Basic use of the pipeline requires little configuration. Only thing you will need is a set of taxon and locus names that you want to use.

It is not necessary to list all species names you want to use. If you wanted to cover all species in the genus Solanum, you could simply put Solanum in the configuration file under [Main Taxa] heading. If you want to exclude some species, simply put them under [Excluded Taxa] heading. You can explicitly specify outgroups under [Outgroup Taxa] heading.

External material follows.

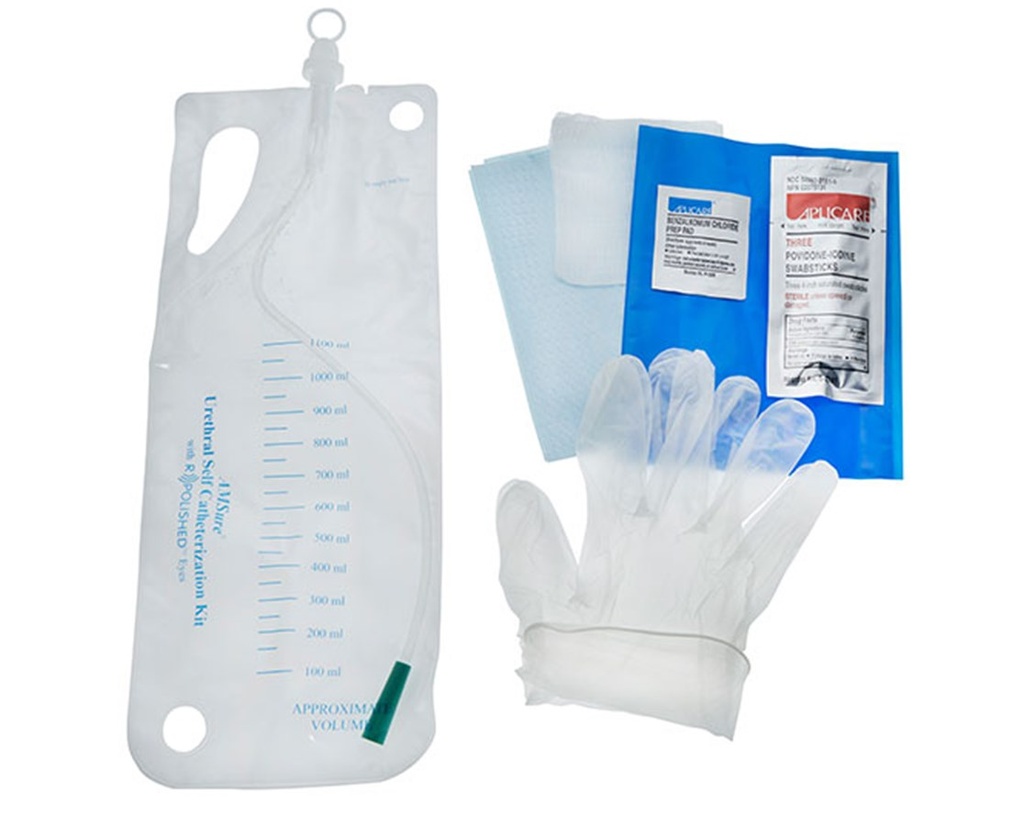 Amsino Amsure® Self Catheter System, 14FR, PE Bag, Packed in Tyvek/ Poly Pouch, Sterile, (LF)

To tell the pipeline which loci you want to use in the study simply put any of the predefined locus names under the [Loci] heading in the configuration file. Currently predefined loci are:

ATP6, ATP8, atpB, CCR2, COI, cytb, EGR1, FGB, GBSSI, GGR, ITS1-5.8S-ITS2, matK, MYC, NADH2, ndhF, RAG1, RAG2, rbcL, TGFB2, trnS-trnG

The locus definitions are simple text files and can be found in the "search_strategies" directory in your project. In case you want to use some other locus, you can simply edit and save one of these text files with a new name. I will write a short description of how to do this soon.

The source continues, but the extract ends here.